Task inputs Block Start
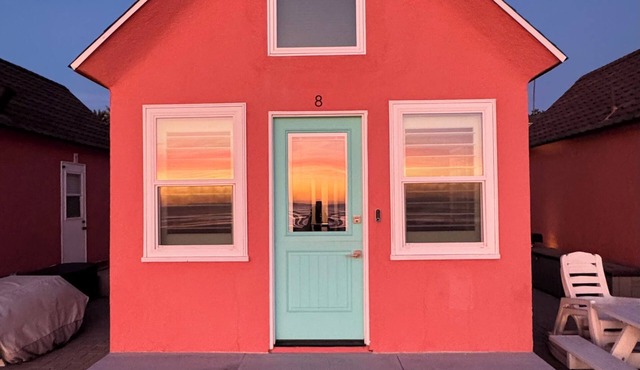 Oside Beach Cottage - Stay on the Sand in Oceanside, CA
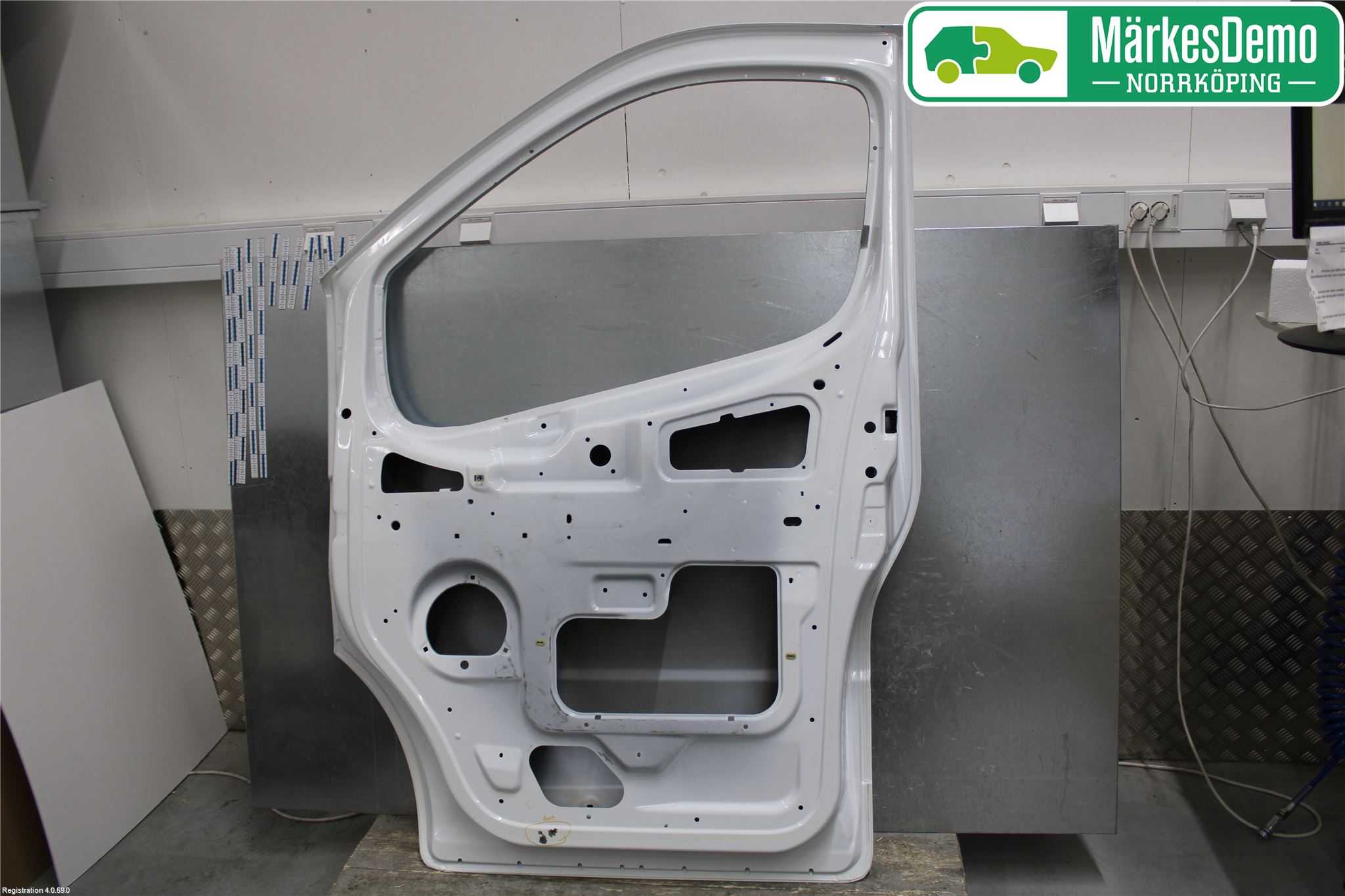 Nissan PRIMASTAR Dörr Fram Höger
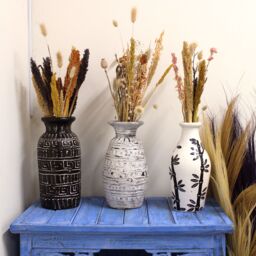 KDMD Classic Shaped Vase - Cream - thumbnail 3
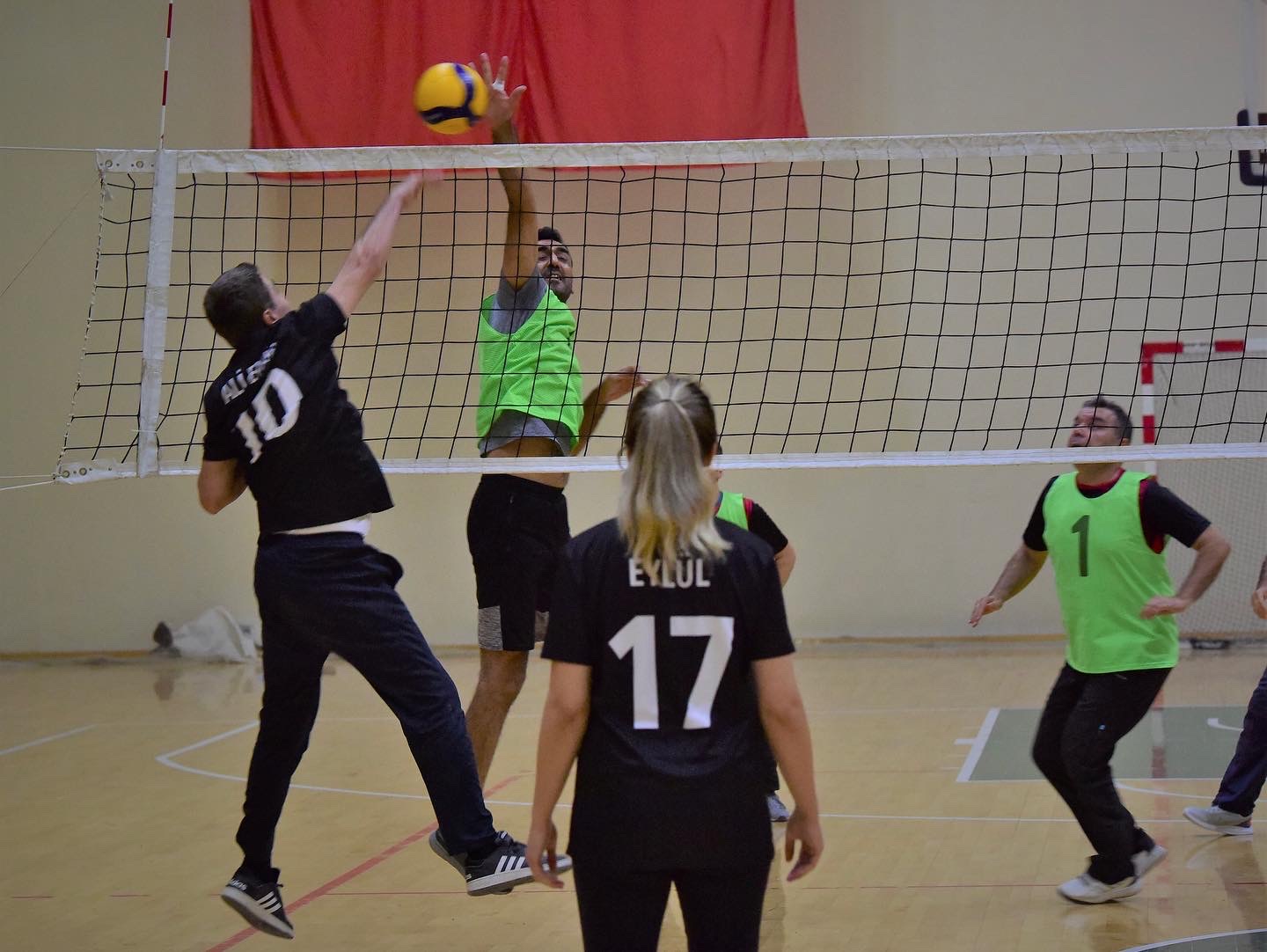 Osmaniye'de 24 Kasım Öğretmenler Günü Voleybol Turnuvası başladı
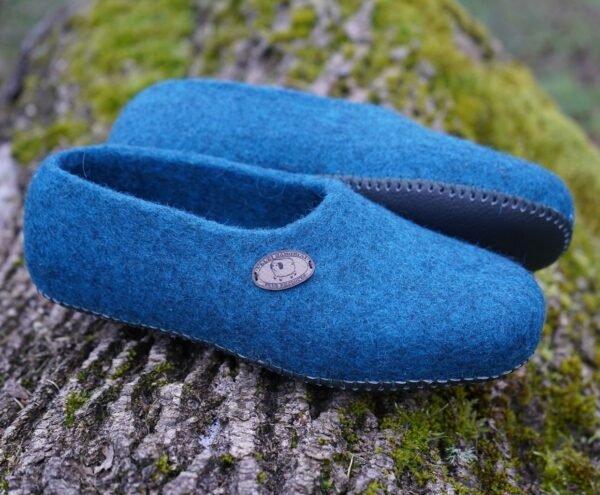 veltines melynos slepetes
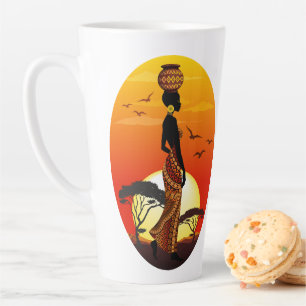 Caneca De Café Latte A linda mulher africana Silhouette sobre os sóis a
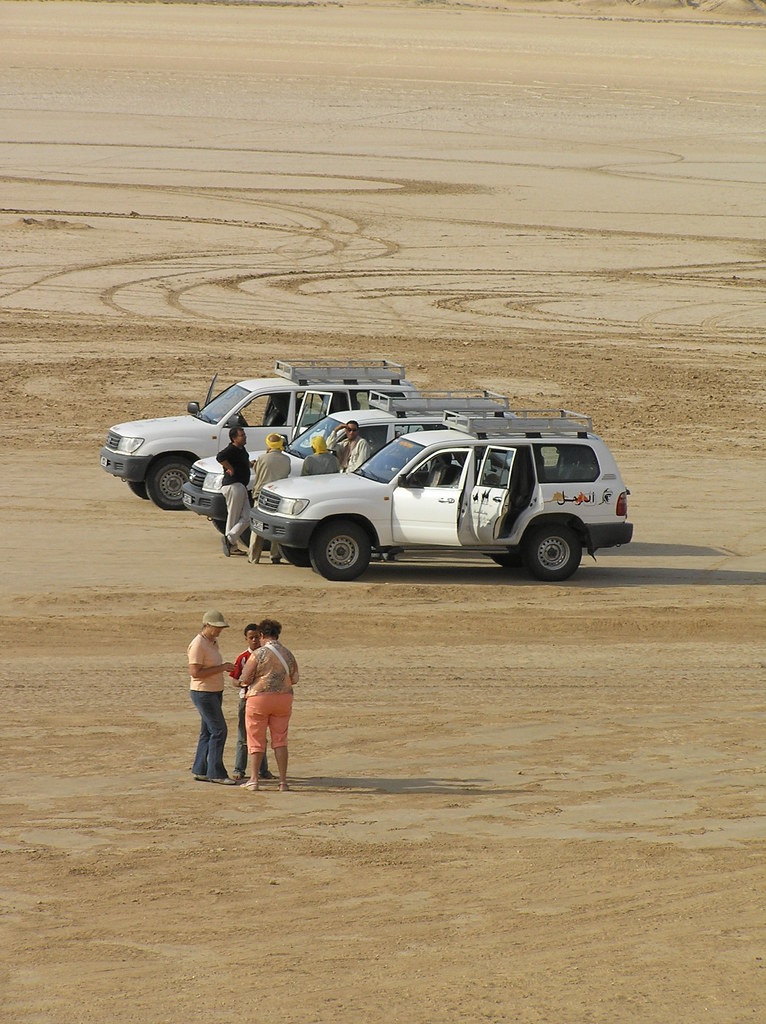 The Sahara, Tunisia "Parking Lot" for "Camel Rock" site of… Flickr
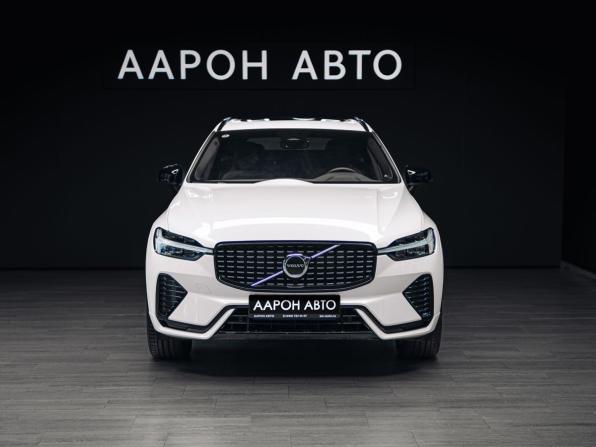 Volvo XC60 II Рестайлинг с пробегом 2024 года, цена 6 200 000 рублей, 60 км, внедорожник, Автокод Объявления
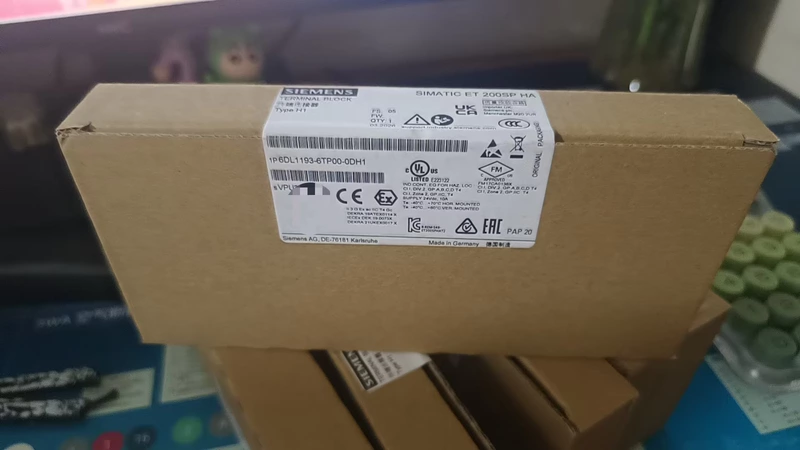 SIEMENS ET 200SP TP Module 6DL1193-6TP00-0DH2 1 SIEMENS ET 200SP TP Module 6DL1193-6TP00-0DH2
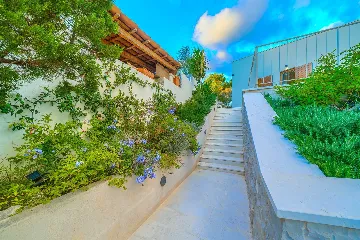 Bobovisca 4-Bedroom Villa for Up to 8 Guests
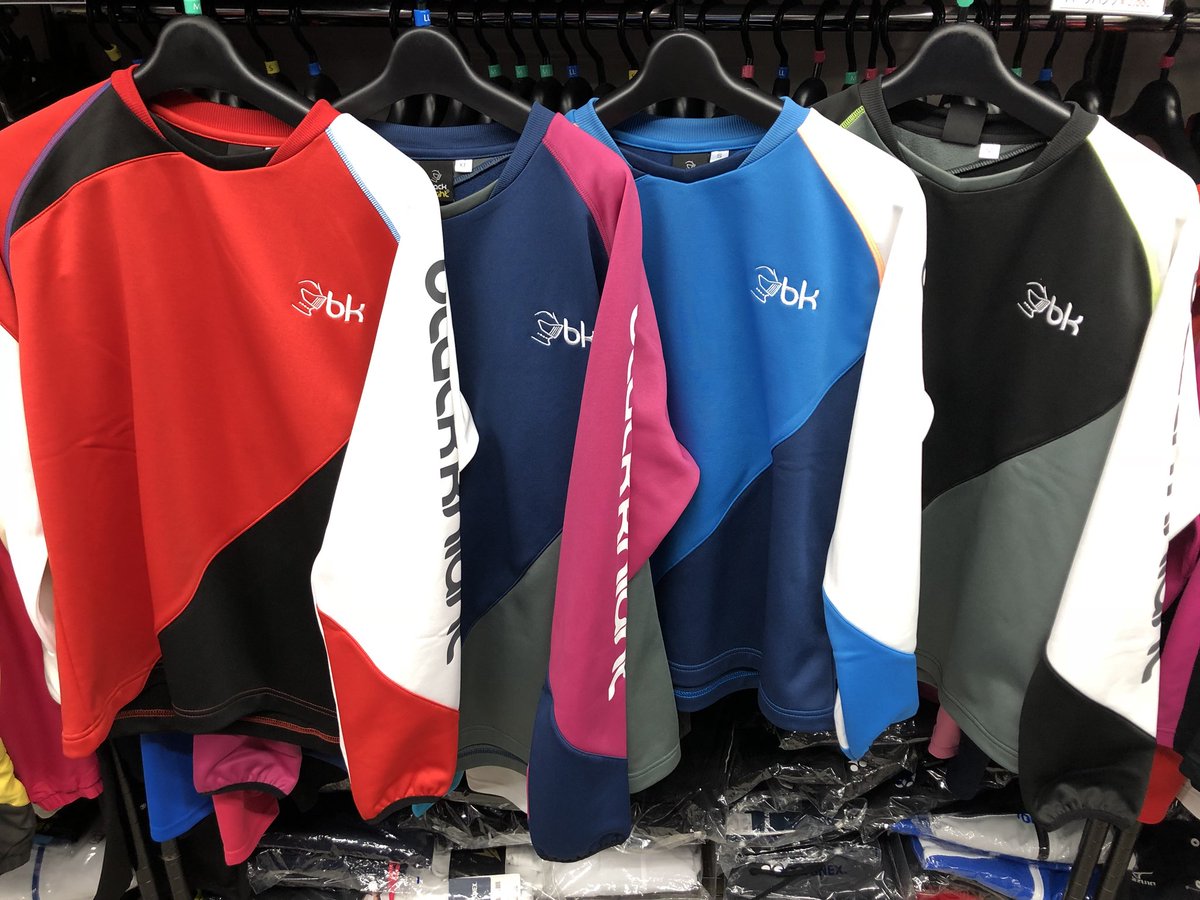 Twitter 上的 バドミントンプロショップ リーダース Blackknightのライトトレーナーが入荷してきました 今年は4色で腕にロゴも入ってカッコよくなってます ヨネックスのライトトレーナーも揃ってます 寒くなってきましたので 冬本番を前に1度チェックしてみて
Task inputs Block End
• _What you have to do_: Without the pictures, give the entries above back exactly.

• _Answer section_:
 Oside Beach Cottage - Stay on the Sand in Oceanside, CA
 Nissan PRIMASTAR Dörr Fram Höger
 KDMD Classic Shaped Vase - Cream - thumbnail 3
 Osmaniye'de 24 Kasım Öğretmenler Günü Voleybol Turnuvası başladı
 veltines melynos slepetes
 Caneca De Café Latte A linda mulher africana Silhouette sobre os sóis a
 The Sahara, Tunisia "Parking Lot" for "Camel Rock" site of… Flickr
 Volvo XC60 II Рестайлинг с пробегом 2024 года, цена 6 200 000 рублей, 60 км, внедорожник, Автокод Объявления
 SIEMENS ET 200SP TP Module 6DL1193-6TP00-0DH2 1 SIEMENS ET 200SP TP Module 6DL1193-6TP00-0DH2
 Bobovisca 4-Bedroom Villa for Up to 8 Guests
 Twitter 上的 バドミントンプロショップ リーダース Blackknightのライトトレーナーが入荷してきました 今年は4色で腕にロゴも入ってカッコよくなってます ヨネックスのライトトレーナーも揃ってます 寒くなってきましたので 冬本番を前に1度チェックしてみて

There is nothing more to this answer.